- _Information supplied_:
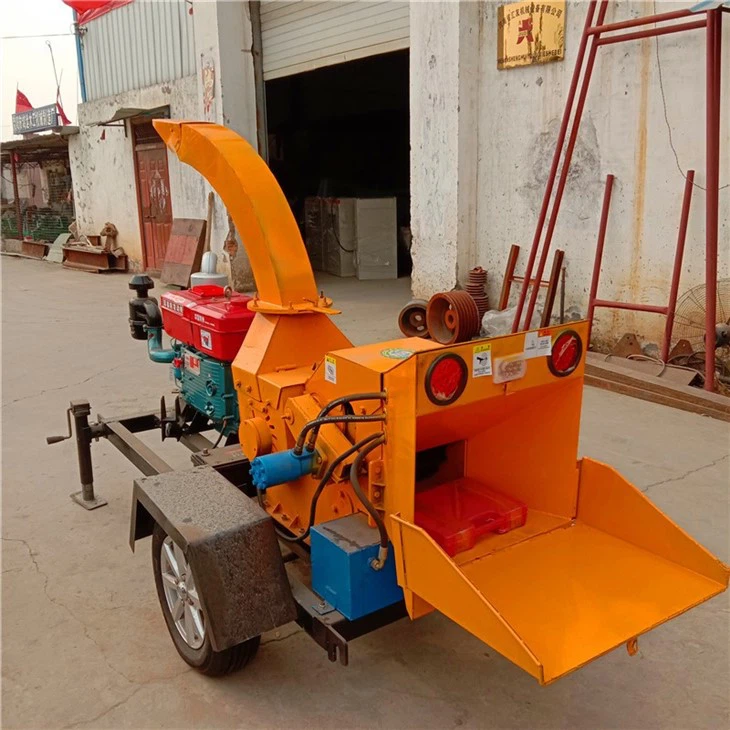High Quality Movable Backyard Bough Chipper
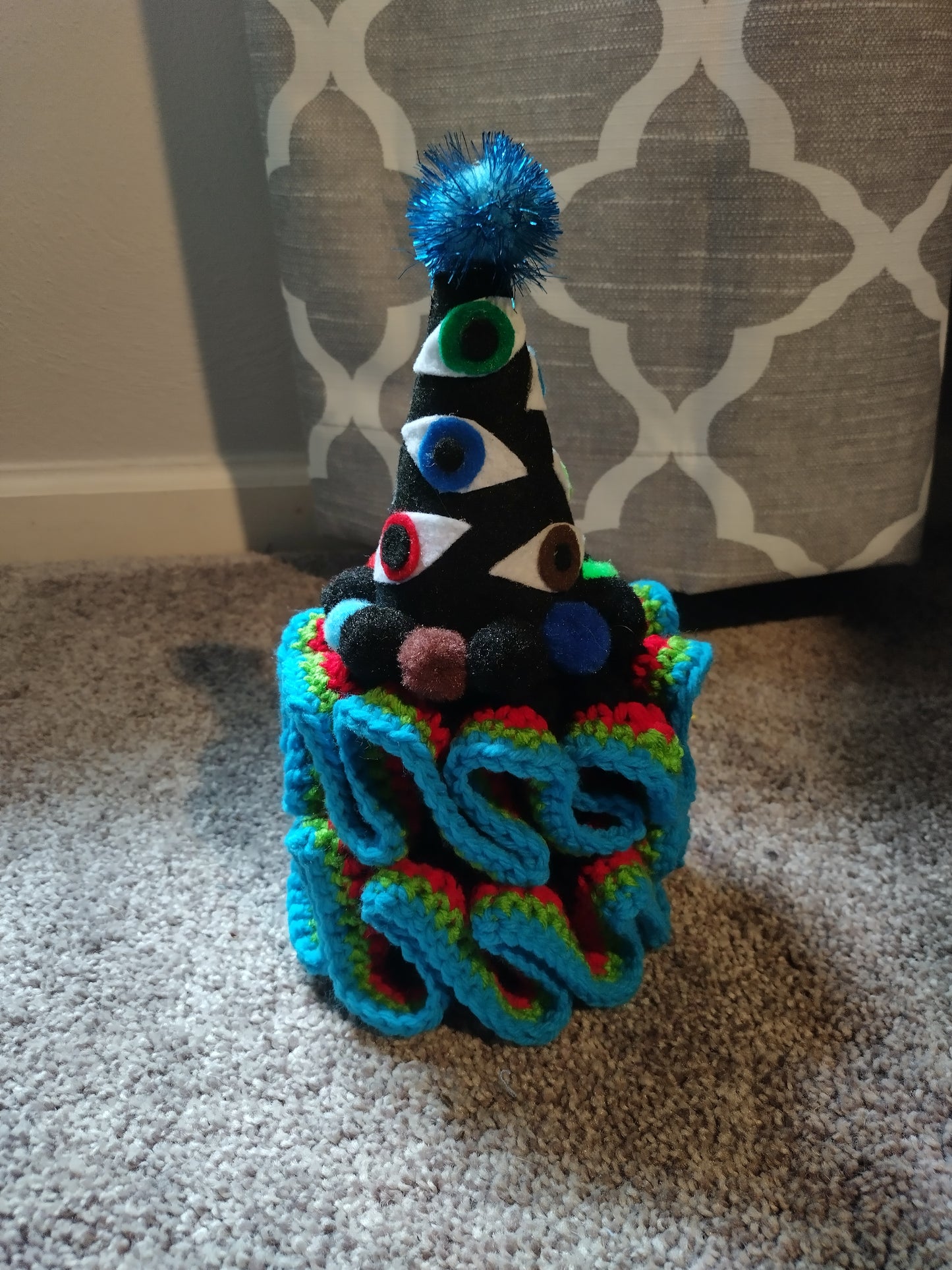 All Eyes on Me Clowncore set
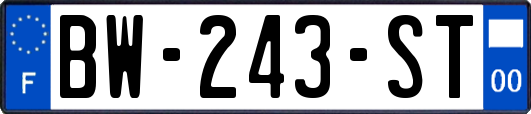BW-243-ST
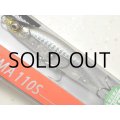 メガバス ゲンマ110S 21g：06 HT ITO STROBE SAYORI■ネコポス対象外■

- _Task statement_: A verbatim transcription of the listing is expected, with no pictures included.

- _Task answer_:
High Quality Movable Backyard Bough Chipper
 All Eyes on Me Clowncore set
BW-243-ST
 メガバス ゲンマ110S 21g：06 HT ITO STROBE SAYORI■ネコポス対象外■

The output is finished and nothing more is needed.